Sarah * is a young mum feeling overwhelmed. Diligent, anxious, exhausted. She reminds me of me when, back in the day, I too was stressing out big time about coping with motherhood, wifehood, and the whole overwhelming messy imperfectness of life.

Nick is doing it tough too. Still a little shell shocked that for some inexplicable reason they had decided to start a home business (in addition to his existing day job) just prior to welcoming their second-born into the world, he too has a drained expression that reveals he’s spread pretty thin.

They arrive for their first marriage counselling session with tensions barely tucked in beneath a frosty surface.

Sarah has plenty of opinions about why the marriage isn’t working, and most of them have to do with what Nick isn’t doing right:

He doesn’t help enough with the kids. And when he does, he doesn’t do it right. He doesn’t devote enough time to the new business. And when he does, he doesn’t do enough. And on weekends he sneaks away too often for a surf, leaving her home alone with a restless toddler and a newborn baby.

Nick has opinions too, but right now he’s not that aware of them, and not so confident in his own skin.

All he’s really sure about is that he’s got a wife who isn’t happy.

It’s easy to see that Nick’s feeling like he just isn’t making the grade. If he were a teenager at school he’d be hanging out  at the back of the class, looking nonchalant, wondering why he can’t figure out the right answers, but doing everything he could to avoid having to admit it.

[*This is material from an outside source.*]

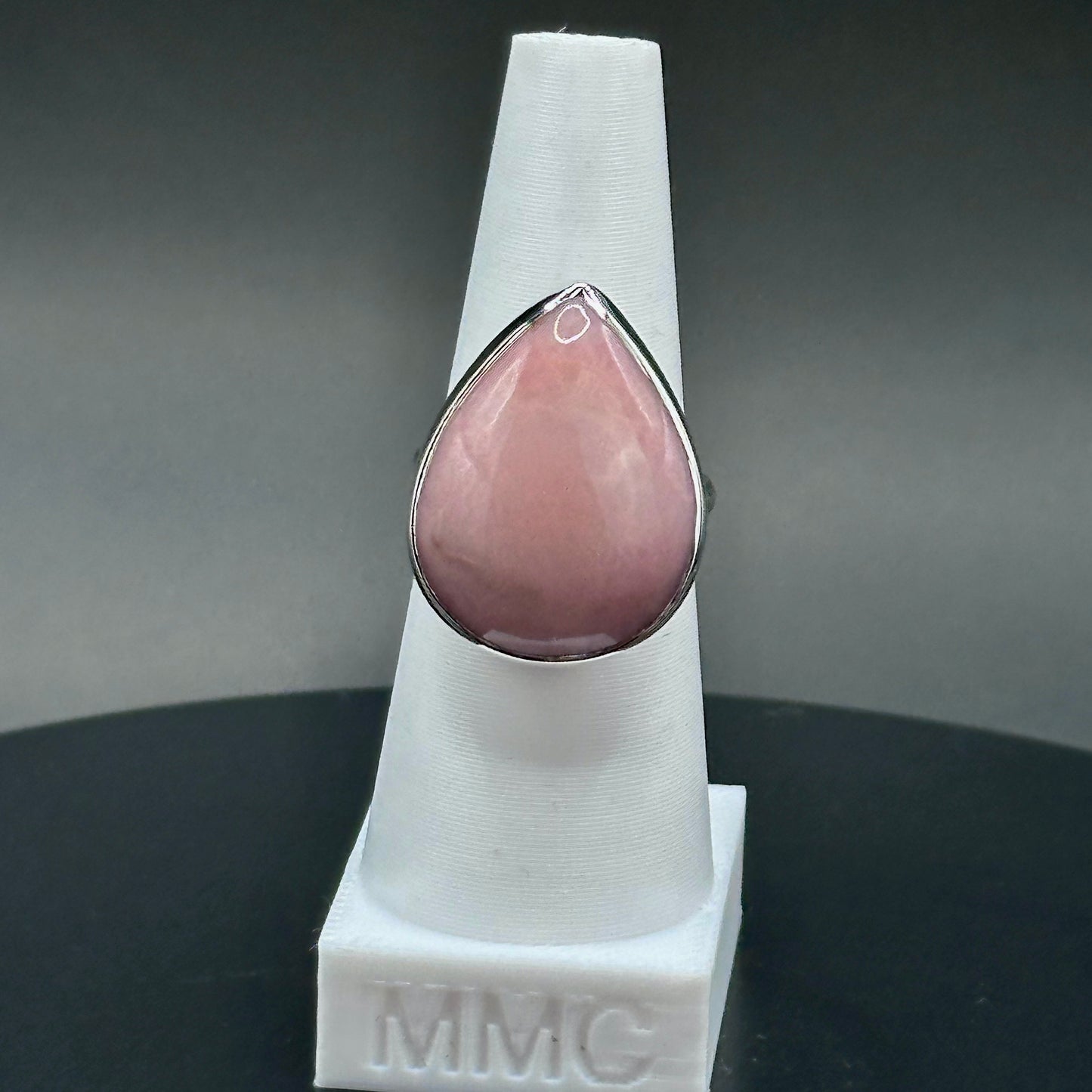 Peruvian Pink Opal Sterling Silver Ring - Paisley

He’s on the back foot big time when it comes to his marriage, and it shows.

As each begins describing the details of their regular arguments, I’m listening carefully to each and every word. It’s a similar story to ones that other couples have painted for me over many years. It’s a story called “nagging wife, withdrawn husband”.

At the same time I’m also tuning in to a story that’s running in a much deeper, parallel track. I know that it’s a far more important story. It’s where the real action is.

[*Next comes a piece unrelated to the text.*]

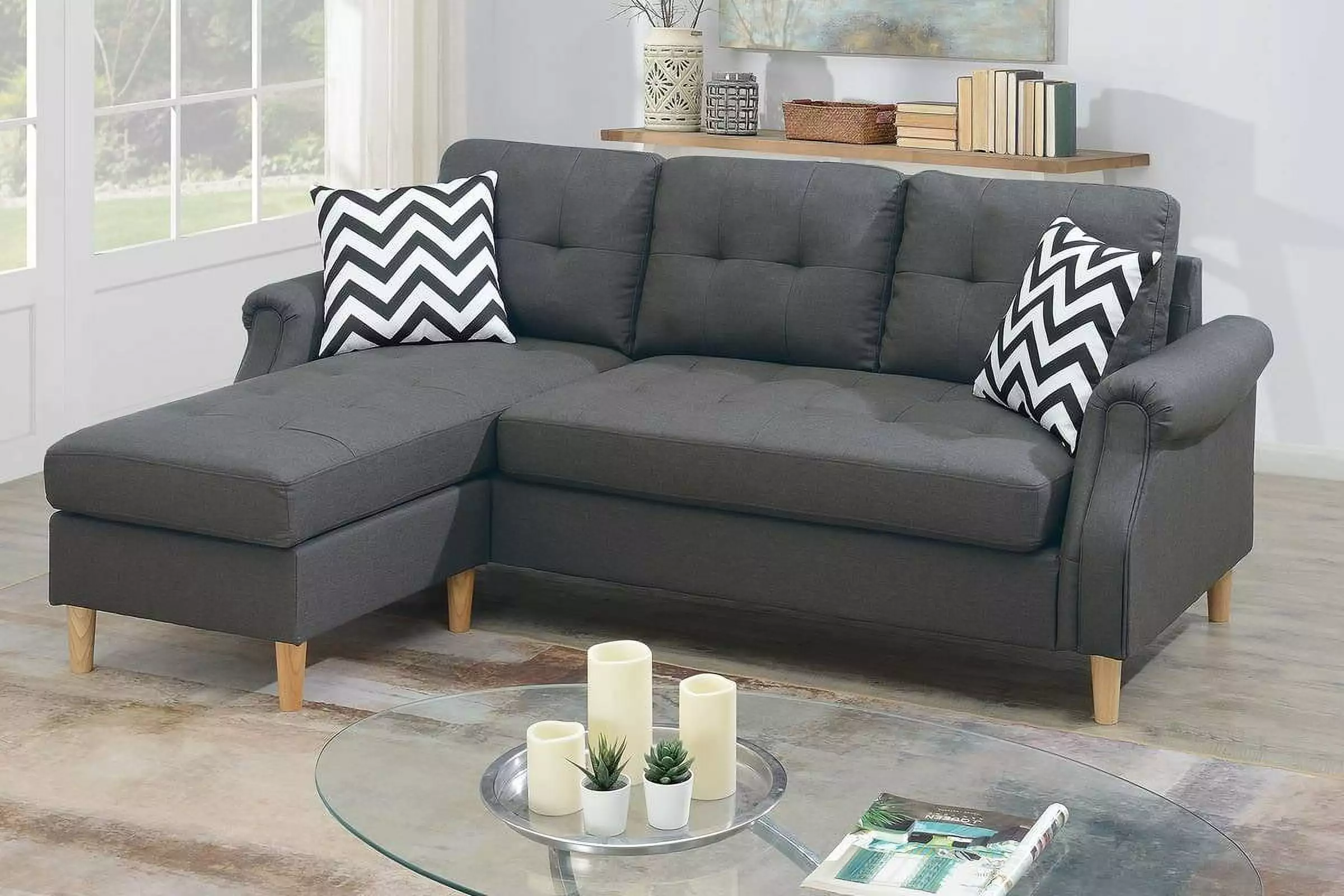Modern Comfort Reversible Sectional Sofa Set Blue Grey Polyfiber Esofastore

The switch happens when Nick reveals that for him, returning home after work hurts.

It’s become a moment he doesn’t look forward to. And that hanging around there all weekend is the same. Emotion chokes in his throat as he confesses how much he misses the wife who used to greet him with passion and tenderness, rather than lists of things to do, and/or criticisms about what he isn’t doing right.

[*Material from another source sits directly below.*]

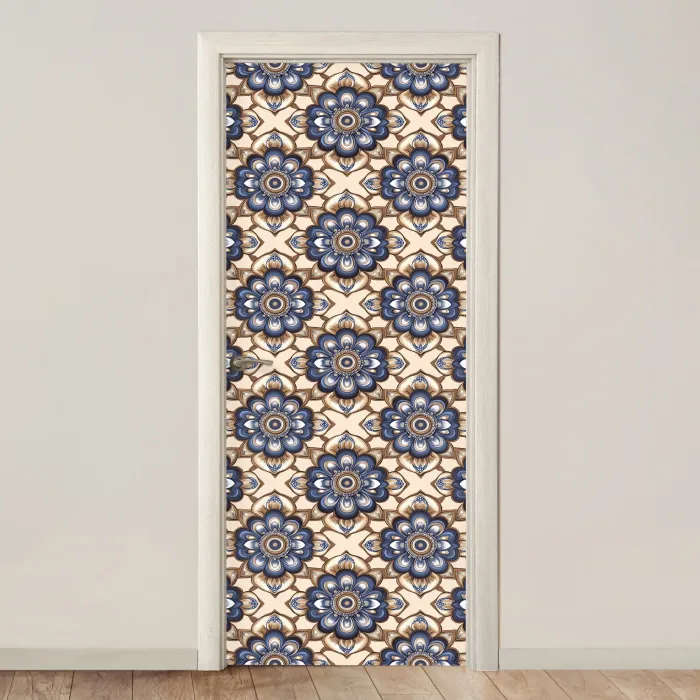 Floraal - Ornament - Blauw deurposter klein 289 -3d_beige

Sarah, god bless her, is so smart. In what could only be a confronting and painful moment, she has the strength of character to look beyond the implied (that she’s become un-fun, un-loving, and someone he doesn’t really feel good about being around), and instead absorb what her marriage really needs her to absorb:

She has a husband who needs her back.

They move quickly from here: realising how the very thing they’ve been demanding from each other (from her, the demand for more input from him; for him, the demand to retreat and gain a sense of more space), together with how they’ve been attempting to get this (from her, endless “to do” lists and the absence of tenderness, and for him, repeated attempts to duck under the radar and find ways to avoid being really present), has been pulling them further apart.

They realise that with a few simple “tweaks”, they can reconnect.

A warm greeting with hugs and chit chat for those first minutes when Nick arrives home. Planned family time on weekends that his surfing escapes can be scheduled around. In short, a mutual commitment to remember why they are together in the first place, and to prioritise their marriage regardless of the often overwhelming stresses of parenthood and business.

Does this mean Sarah will never write another “to-do” list, nag about business demands, or complain when Nick ducks off for a surf, leaving her at home with a restless baby? Not necessarily.

Does this mean that Nick will become the world’s most punctual, reliable, available husband, ever ready to attend to home businesses and domestic duties above and beyond his own personal needs for space (and surf)? Not necessarily.

It means that Sarah and Nick are normal people juggling common stresses who realised that they could be doing it in more marriage affirming ways.

The real story wasn’t one about a nagging wife or a naughty husband, and (despite their deepest fears), it wasn’t about a marriage that was doomed to fail.

The real story was about a wife who didn’t realise how she’d been pushing her husband away. And a husband who didn’t realise that by attempting to dodge what wasn’t working (instead of dealing with it in a constructive way), was pushing his wife away. They were forgetting to connect.